Records from a data source
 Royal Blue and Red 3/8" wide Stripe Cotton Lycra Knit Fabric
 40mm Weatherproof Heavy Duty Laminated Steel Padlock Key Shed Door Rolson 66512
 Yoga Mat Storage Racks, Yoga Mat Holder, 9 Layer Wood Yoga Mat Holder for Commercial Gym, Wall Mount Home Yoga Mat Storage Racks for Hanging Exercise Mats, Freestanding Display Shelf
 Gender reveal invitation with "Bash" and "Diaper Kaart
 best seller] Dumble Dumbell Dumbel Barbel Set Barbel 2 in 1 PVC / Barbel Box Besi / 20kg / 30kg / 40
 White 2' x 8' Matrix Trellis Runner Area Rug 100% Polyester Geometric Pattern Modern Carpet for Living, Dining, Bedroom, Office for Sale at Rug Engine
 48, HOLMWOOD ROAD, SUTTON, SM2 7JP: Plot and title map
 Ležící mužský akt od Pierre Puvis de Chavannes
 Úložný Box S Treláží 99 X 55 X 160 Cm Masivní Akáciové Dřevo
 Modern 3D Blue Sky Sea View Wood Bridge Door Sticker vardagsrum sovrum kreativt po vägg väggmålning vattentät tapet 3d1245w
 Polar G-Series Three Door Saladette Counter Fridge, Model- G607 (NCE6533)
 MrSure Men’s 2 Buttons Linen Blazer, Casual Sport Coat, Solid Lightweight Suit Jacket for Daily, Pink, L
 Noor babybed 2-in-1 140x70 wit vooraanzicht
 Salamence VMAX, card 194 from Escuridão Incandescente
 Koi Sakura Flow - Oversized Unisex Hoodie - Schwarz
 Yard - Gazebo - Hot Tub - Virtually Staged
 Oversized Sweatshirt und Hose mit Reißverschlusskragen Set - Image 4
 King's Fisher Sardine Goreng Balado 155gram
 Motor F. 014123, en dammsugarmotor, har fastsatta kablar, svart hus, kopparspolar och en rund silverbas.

## WORK TO BE COMPLETED
Filter the entries above down to the lines that hold the word "Door", and copy those lines.

## EXPECTED ANSWER
 40mm Weatherproof Heavy Duty Laminated Steel Padlock Key Shed Door Rolson 66512
 Modern 3D Blue Sky Sea View Wood Bridge Door Sticker vardagsrum sovrum kreativt po vägg väggmålning vattentät tapet 3d1245w
 Polar G-Series Three Door Saladette Counter Fridge, Model- G607 (NCE6533)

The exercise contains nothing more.